## TASK TO COMPLETE
Give back the exact lines of the material below from the one containing "Hadley Vacation Rental" through the one containing "Mchezo Blocks Breaker", and no pictures.

## RECORDS FOR THIS EXERCISE
###
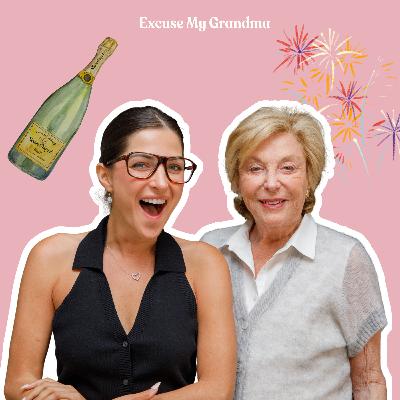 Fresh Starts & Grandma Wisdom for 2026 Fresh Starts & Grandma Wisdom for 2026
###
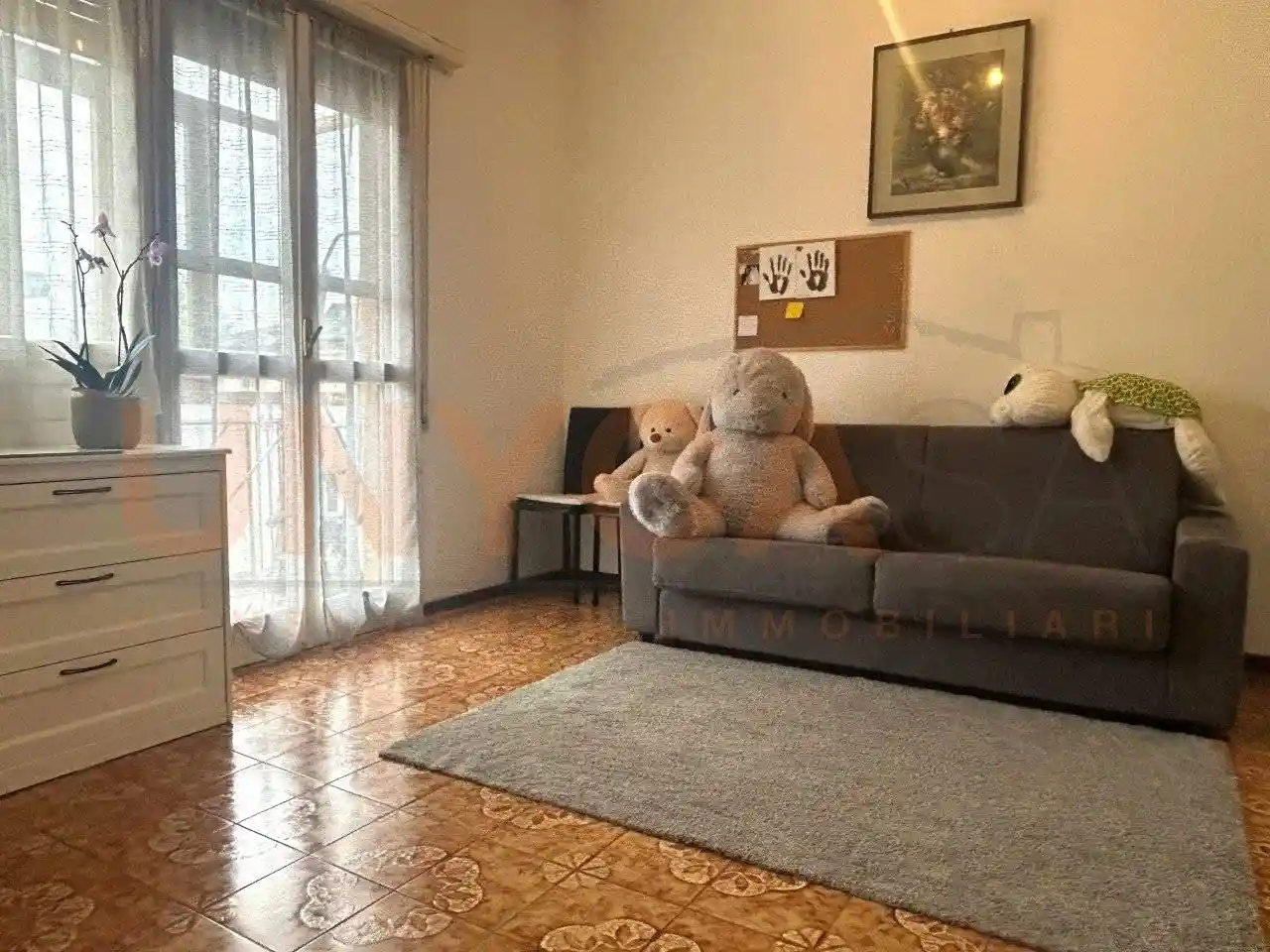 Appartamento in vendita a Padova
###
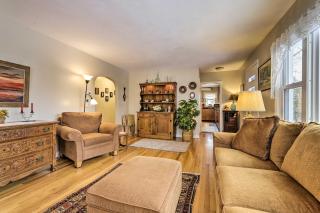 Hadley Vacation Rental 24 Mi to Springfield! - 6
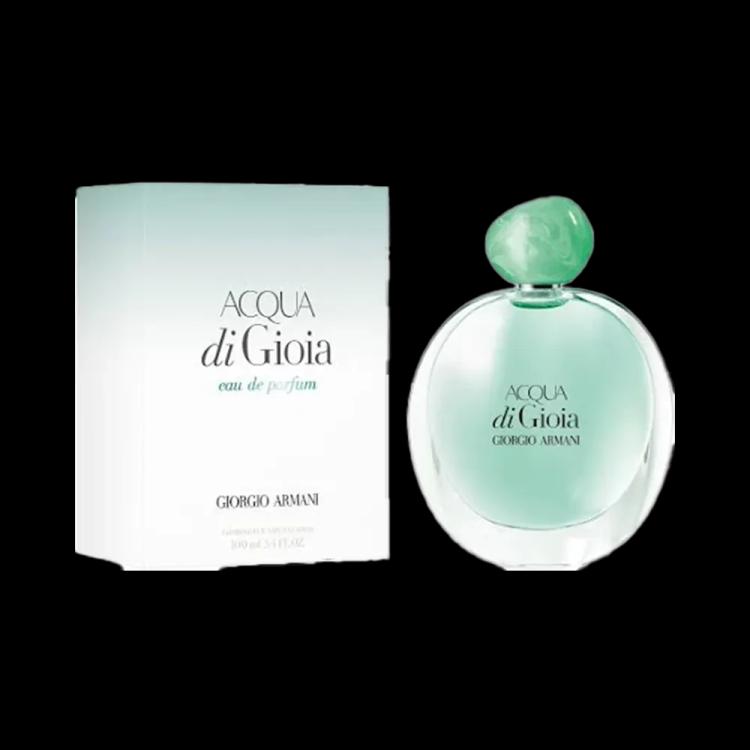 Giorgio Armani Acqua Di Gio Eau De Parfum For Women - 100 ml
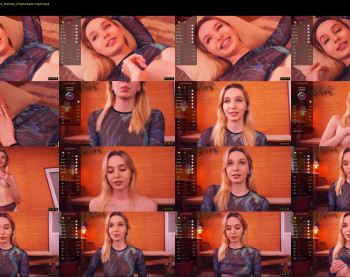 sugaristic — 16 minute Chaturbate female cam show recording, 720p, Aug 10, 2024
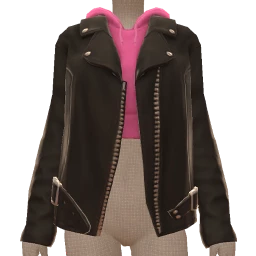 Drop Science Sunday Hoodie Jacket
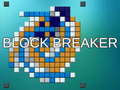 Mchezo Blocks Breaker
###
## YOUR RESPONSE
 Hadley Vacation Rental 24 Mi to Springfield! - 6
 Giorgio Armani Acqua Di Gio Eau De Parfum For Women - 100 ml
 sugaristic — 16 minute Chaturbate female cam show recording, 720p, Aug 10, 2024
 Drop Science Sunday Hoodie Jacket
 Mchezo Blocks Breaker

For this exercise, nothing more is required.